Here’s the real kicker - distributed systems problems require alignment to solve. The canonical problem in distributed systems is summed up by the CAP Theorem, which states a tradeoff between Consistency (basically data correctness) and Availability when data is writable in multiple places. There are myriad ways to navigate this tradeoff, and each of them requires a degree of coordination between the data stores. You may have to implement specific APIs, track metadata related to the order of operations, or adopt an asynchronous communication protocol. No matter what, you won’t solve this problem without communication and coordination between the data stores, and communication and coordination between the teams building them. This requires some degree of technical alignment, which will come at a cost to team autonomy by definition.

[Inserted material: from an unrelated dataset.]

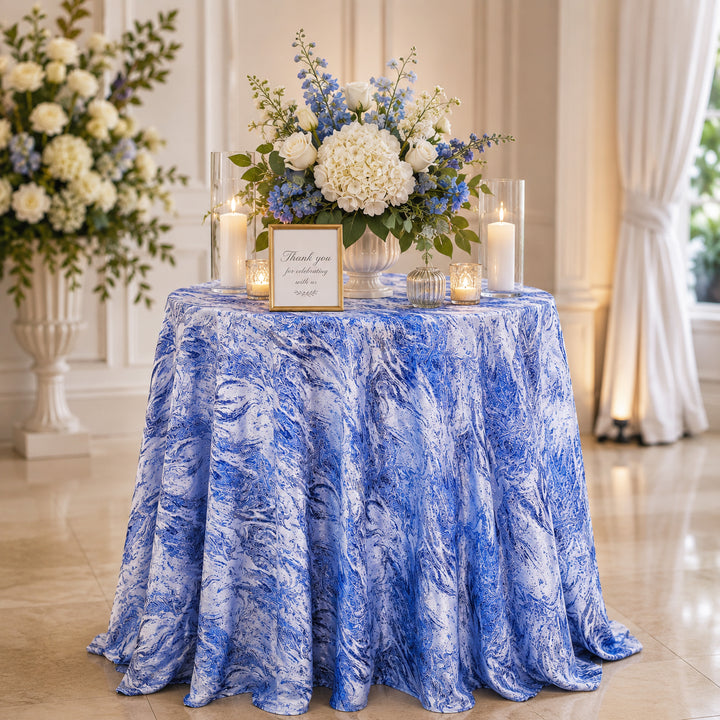 120" Seamless Round Mirage Jacquard Polyester Tablecloth - Royal Blue (1pc)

You can solve these problems ad hoc as data becomes untrustworthy or performance suffers, but they are common problems that you will face time and again across the organization, and they are unrelated to the specifics of your business. This type of problem screams out for a reusable abstraction, to ensure that they are solved correctly, consistently, and efficiently. And to have teams get on the same page about a reusable abstraction, communication protocols, shared patterns, etc. requires alignment. It will cost something upfront, but it will very likely pay off not very far down the road.
What doesn’t work is a culture where alignment is eschewed for the sake of autonomy bar none, without considering the nuanced cases where the technical realities of software engineering push organizations to need common solutions to common difficult problems, and a coordinated effort can avoid the unnecessary complexity sinks you will create without proper consideration to distributed system design.